### Required action
Please return only the lines from the one showing "Accelera PHI-R 245/30R21" to the end of the entries, keeping both ends and dropping every picture.

### Provided information
%%
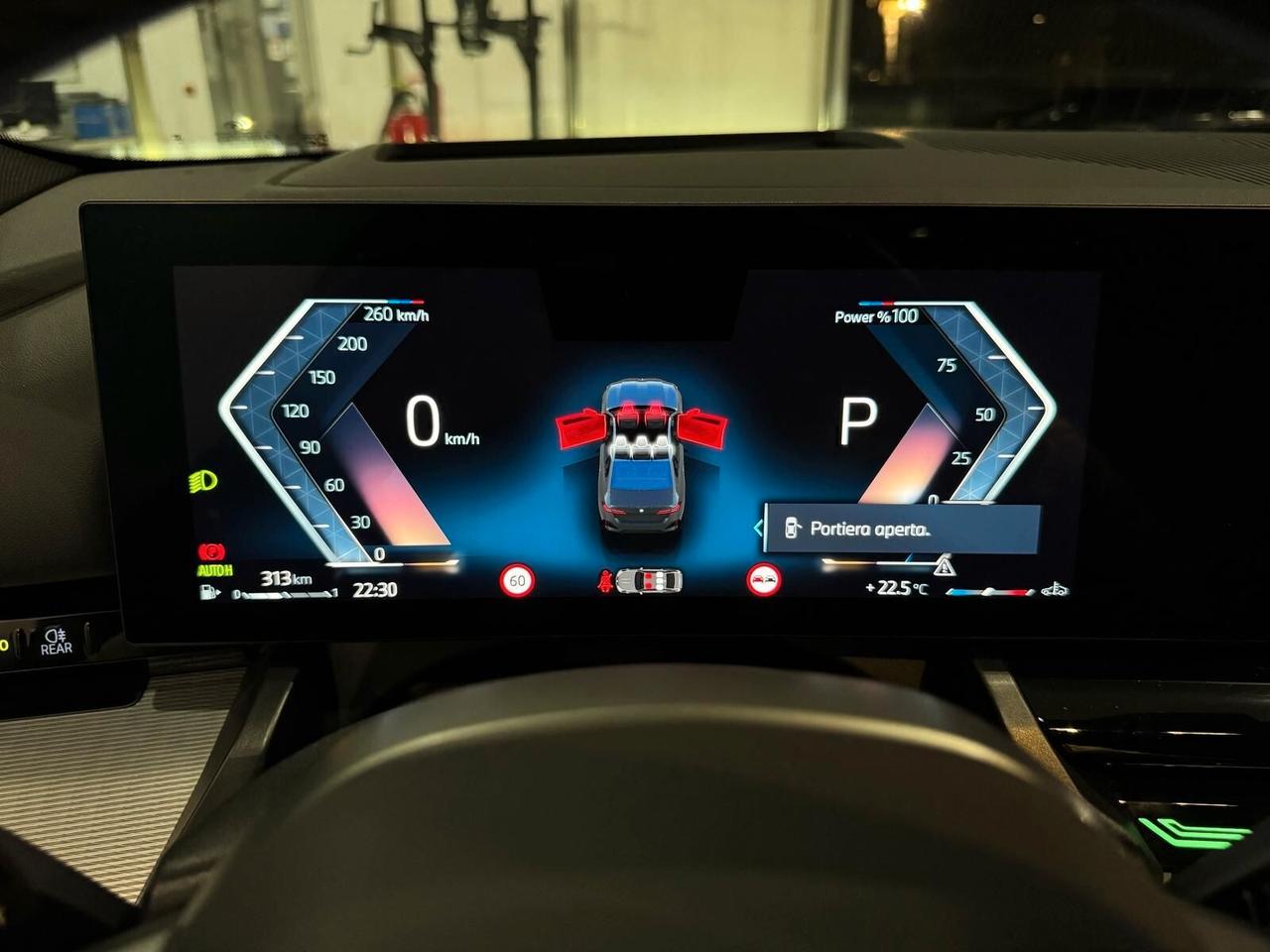 Bmw 520 520d 48V sDrive Msport Pro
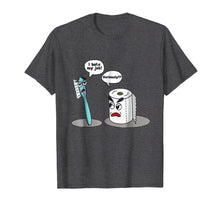 Load image into Gallery viewer, I Hate My Job Seriously? T-Shirt - Funny Toilet Paper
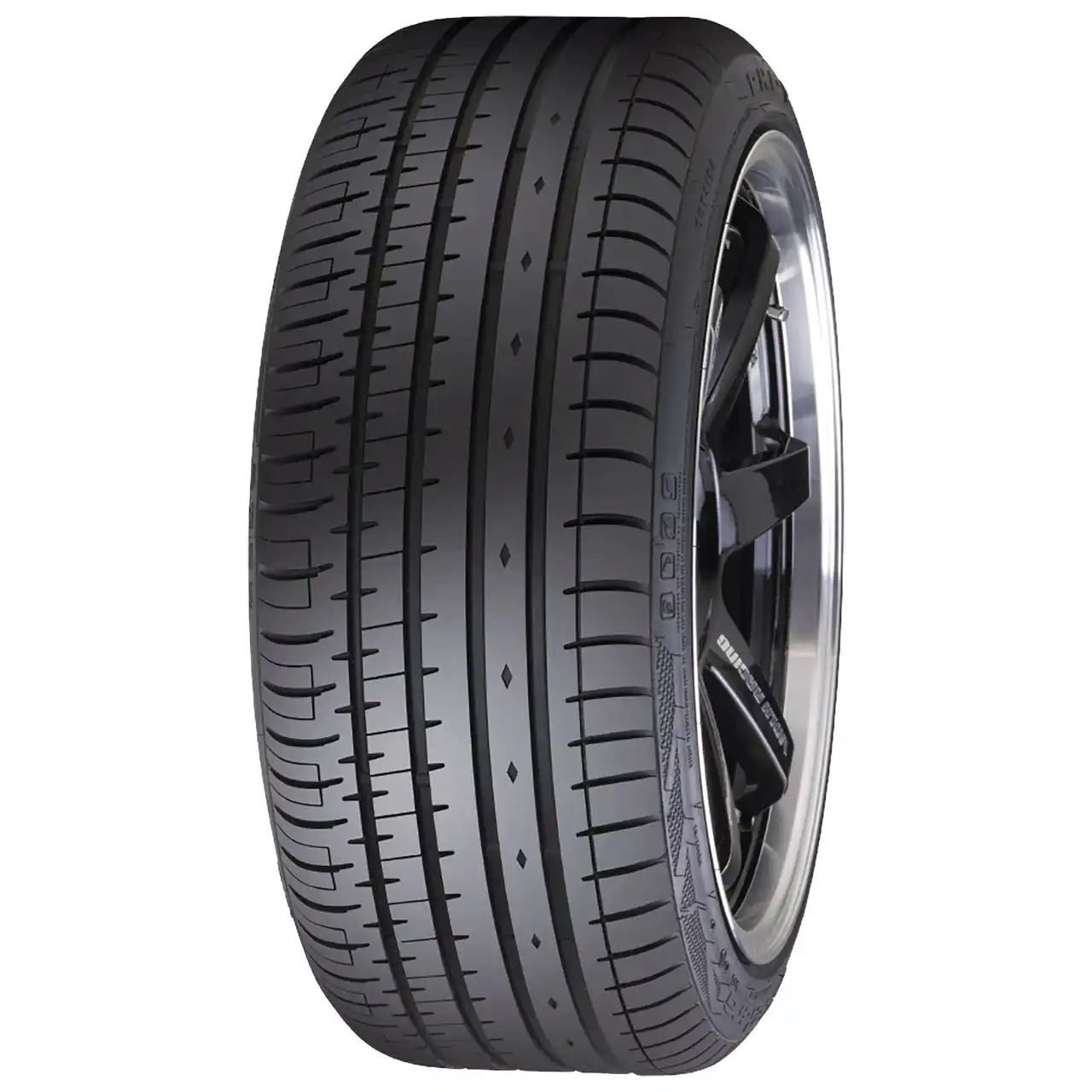 Accelera PHI-R 245/30R21 91Y XL MFS BSW 245/30 R21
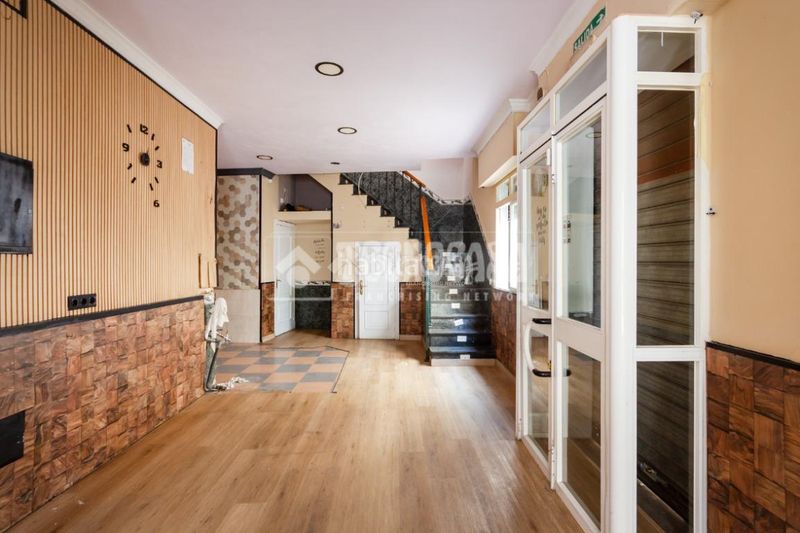 Foto f450f161-b6ab-4853-90b4-126be317fe23. Casa aparellada a Centro Ciudad - El Carmen Vélez - Málaga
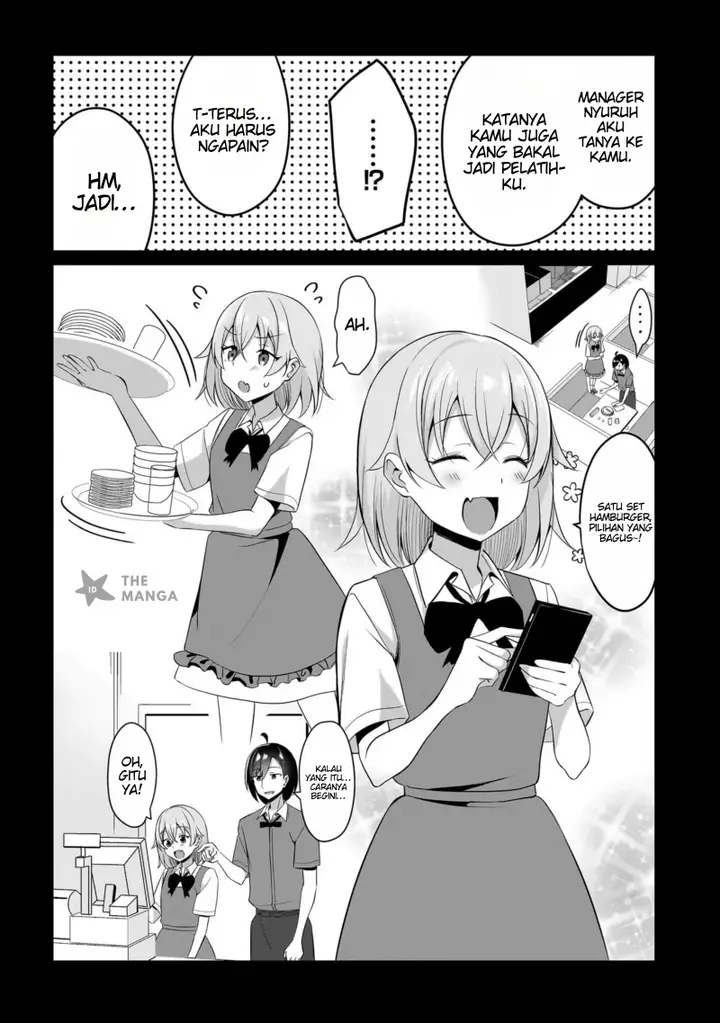 image-komik-maigo-no-onnanoko-o-ie-made-todoketara-genkan-kara-detekita-no-wa-gakunen-ichi-no-bishoujo-deshita-chapter-6.1-10/18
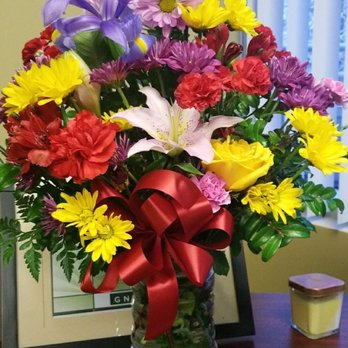 St John's Flower Shop - Florists Near Me - Portland, Oregon St John's Flower Shop - Florists Near Me - Portland, Oregon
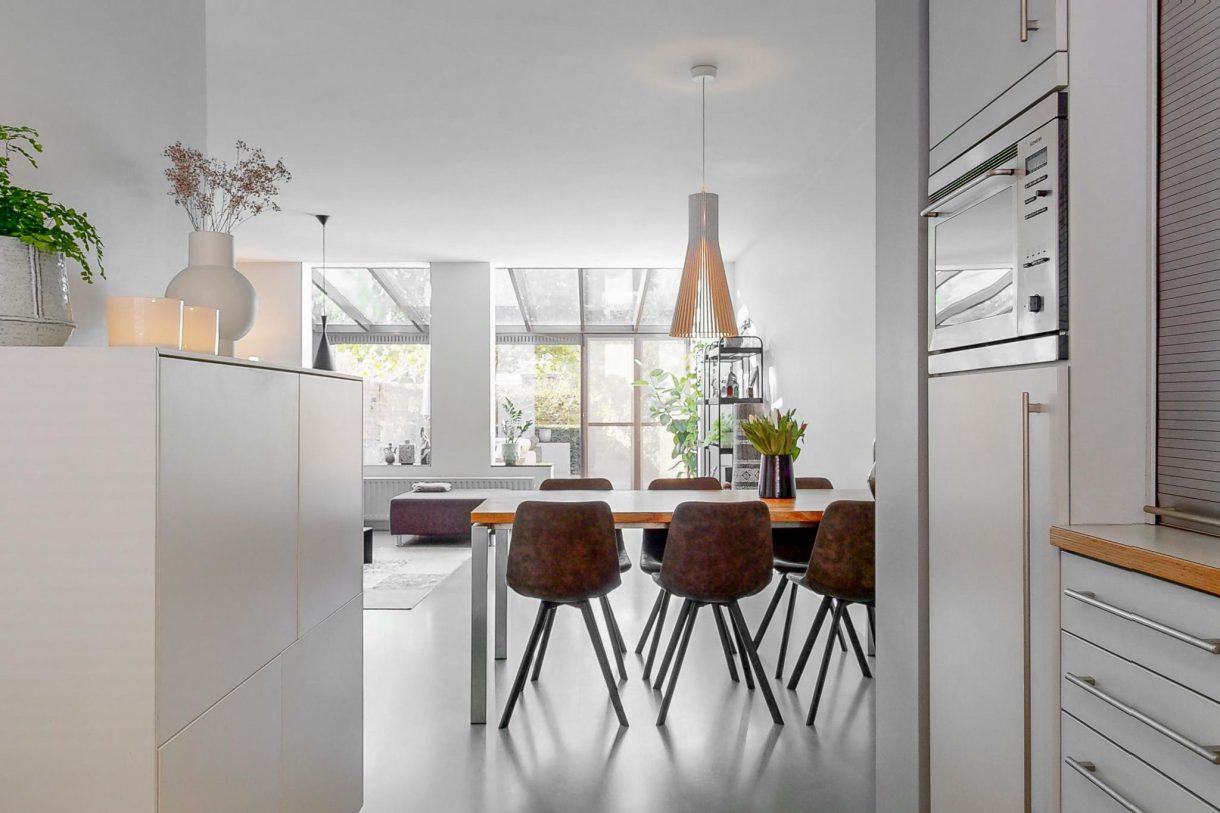 Te koop: Foto Woonhuis aan de Barteldsgaarde 21 in Nieuwegein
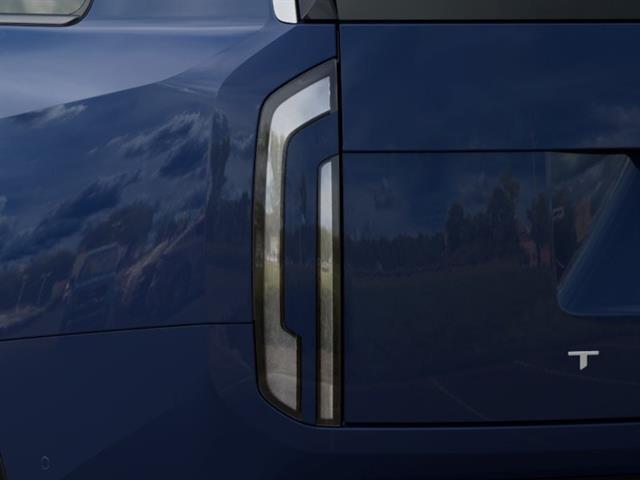 2027 Kia Telluride SX Tucson AZ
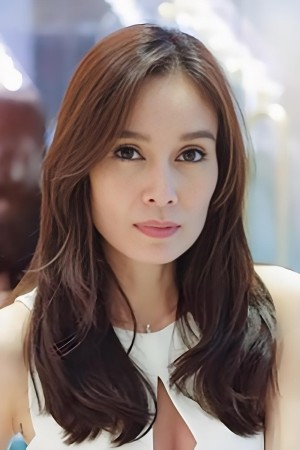 Apasiri Nitibhon's poster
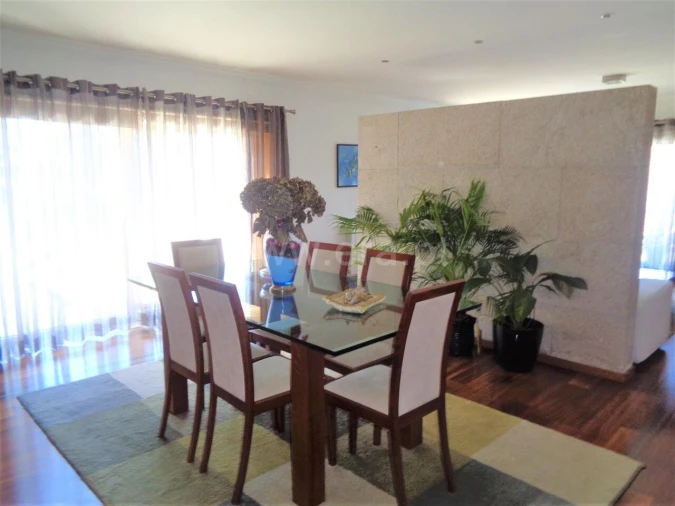 Quinta T6 para Venda em São Cristovão de Nogueira Foto 2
%%
### Solution to the problem
 Accelera PHI-R 245/30R21 91Y XL MFS BSW 245/30 R21
 Foto f450f161-b6ab-4853-90b4-126be317fe23. Casa aparellada a Centro Ciudad - El Carmen Vélez - Málaga
 image-komik-maigo-no-onnanoko-o-ie-made-todoketara-genkan-kara-detekita-no-wa-gakunen-ichi-no-bishoujo-deshita-chapter-6.1-10/18
 St John's Flower Shop - Florists Near Me - Portland, Oregon St John's Flower Shop - Florists Near Me - Portland, Oregon
 Te koop: Foto Woonhuis aan de Barteldsgaarde 21 in Nieuwegein
 2027 Kia Telluride SX Tucson AZ
 Apasiri Nitibhon's poster
 Quinta T6 para Venda em São Cristovão de Nogueira Foto 2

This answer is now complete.